** Required action **
Pictures aside, every line of the listing should be given again exactly.

____ Dataset entries

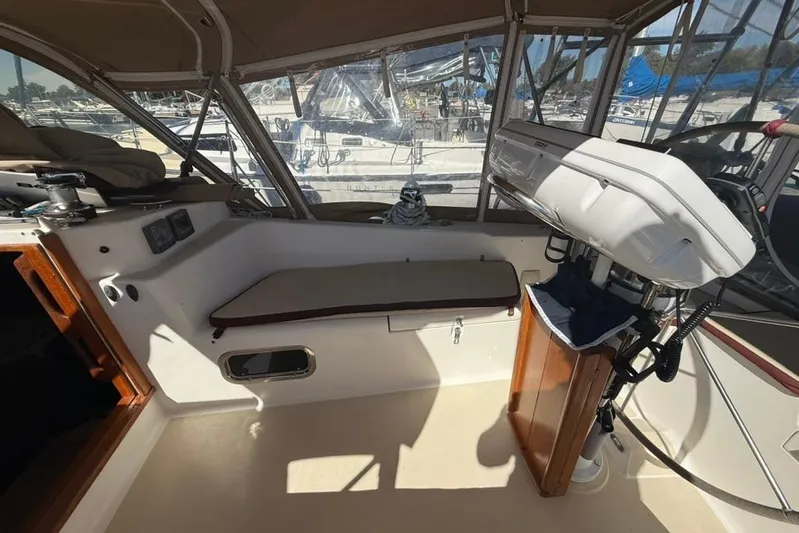 Yacht Photos Pics Interior of a 1998 Tartan 3500 sailboat cockpit with seating and navigation equipment.
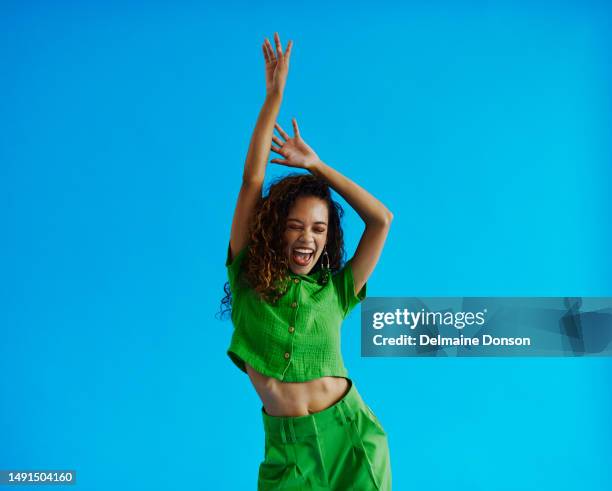 young multiracial woman dancing moving side to side wearing a green shirt and green pants with her eyes closed and  arms raised, shot against a blue background with copy space, stock photo - swaying stock pictures, royalty-free photos & images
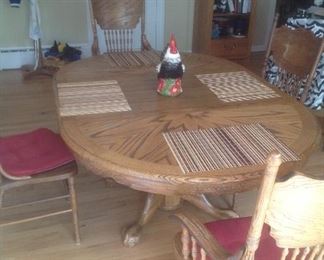 Oak dining room set with six chairs. Measures 46" round plus 24" leaf as shown.   4 side plus two arm chairs.  Presale $250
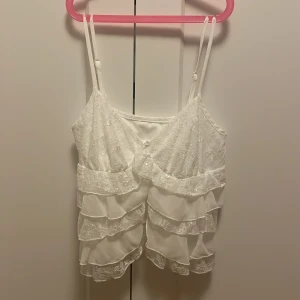 Vit spetsprydd linne med volanger - Söt vit linne med justerbara axelband och vackra spetsdetaljer. Toppen har flera lager av volanger som ger en romantisk känsla. Perfekt för varma sommardagar eller som ett lager under en kavaj. Den har även en öppning med två knappar överst som synligt på bilden.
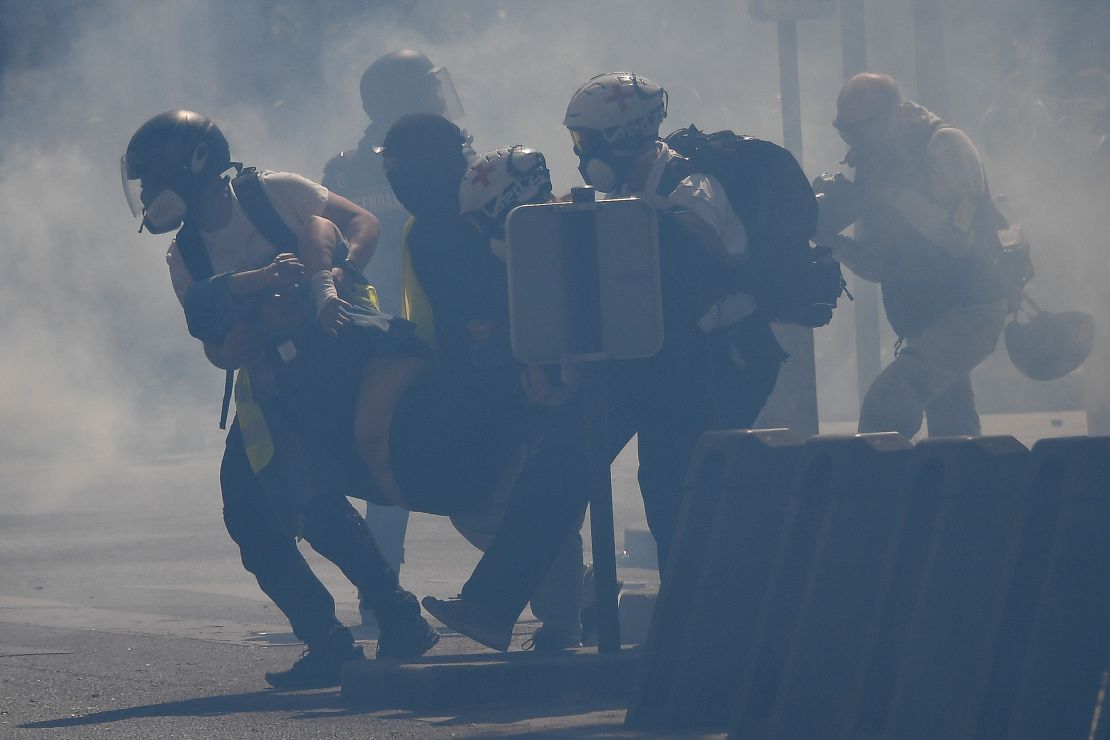 So-called "street medics" carry an injured protester amid tear gas.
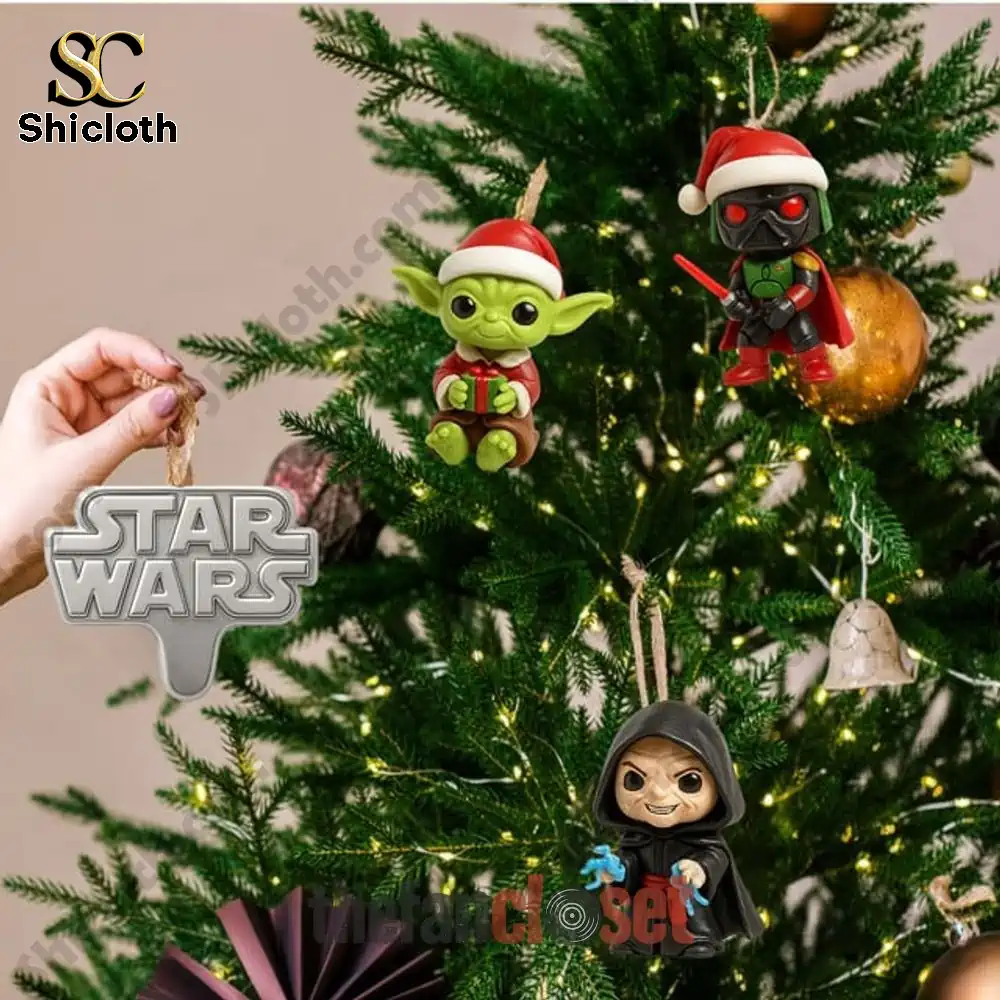 Star Wars Unwrap The Dark Side Of Christmas Advent Calendar 2025 3 Star Wars Christmas tree ornaments featuring Baby Yoda, Sith, and Emperor designs.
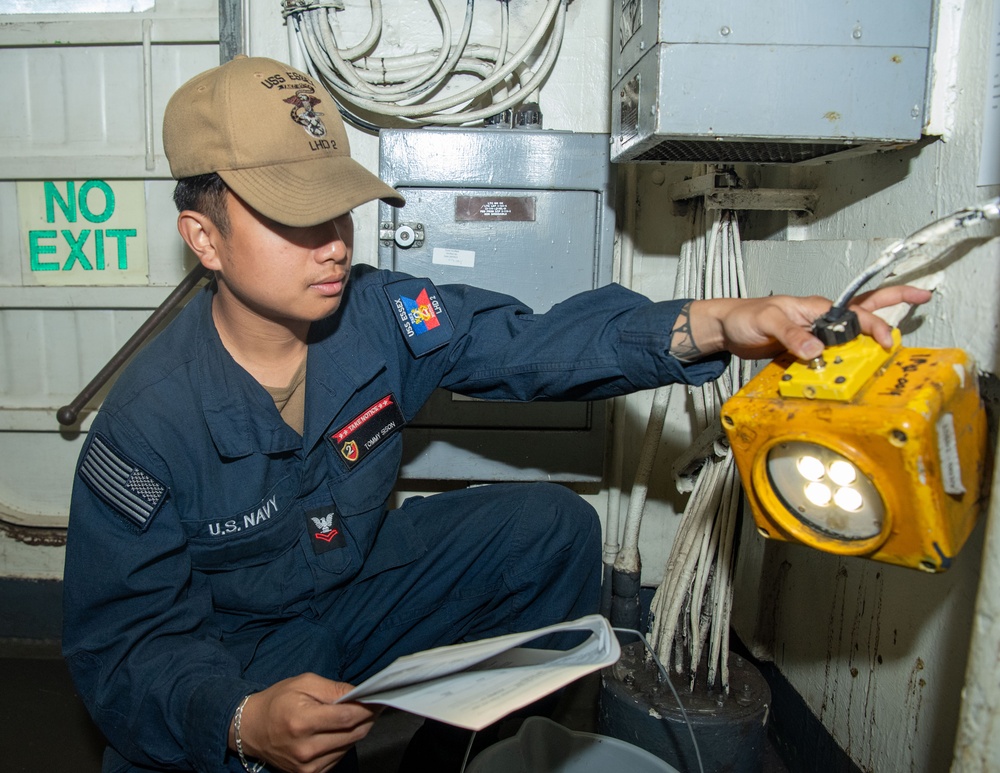 USS ESSEX SAILORS CONDUCT PRVENTATIVE MAINTENANCE ON SAFETY EQUIPMENT
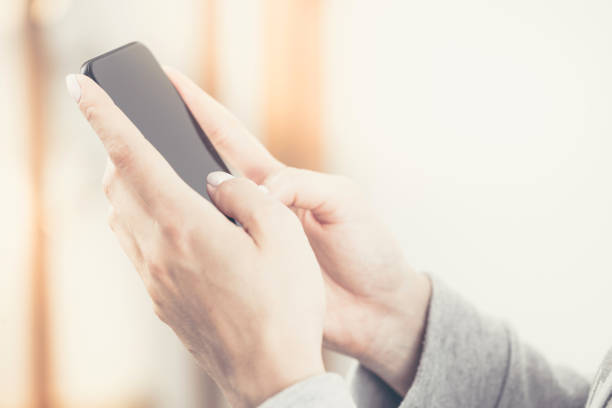 istock Hipster woman holding a smartphone in her hands. 701072060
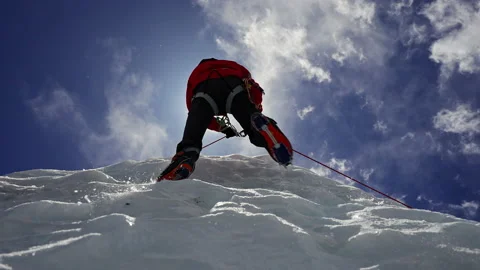 Alpinist equipped with red crampon climb over ice wall under blue sunny sky Stock Footage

________

** Solution to this task **
 Yacht Photos Pics Interior of a 1998 Tartan 3500 sailboat cockpit with seating and navigation equipment.
 young multiracial woman dancing moving side to side wearing a green shirt and green pants with her eyes closed and  arms raised, shot against a blue background with copy space, stock photo - swaying stock pictures, royalty-free photos & images
 Oak dining room set with six chairs. Measures 46" round plus 24" leaf as shown.   4 side plus two arm chairs.  Presale $250
 Vit spetsprydd linne med volanger - Söt vit linne med justerbara axelband och vackra spetsdetaljer. Toppen har flera lager av volanger som ger en romantisk känsla. Perfekt för varma sommardagar eller som ett lager under en kavaj. Den har även en öppning med två knappar överst som synligt på bilden.
 So-called "street medics" carry an injured protester amid tear gas.
 Star Wars Unwrap The Dark Side Of Christmas Advent Calendar 2025 3 Star Wars Christmas tree ornaments featuring Baby Yoda, Sith, and Emperor designs.
 USS ESSEX SAILORS CONDUCT PRVENTATIVE MAINTENANCE ON SAFETY EQUIPMENT
 istock Hipster woman holding a smartphone in her hands. 701072060
 Alpinist equipped with red crampon climb over ice wall under blue sunny sky Stock Footage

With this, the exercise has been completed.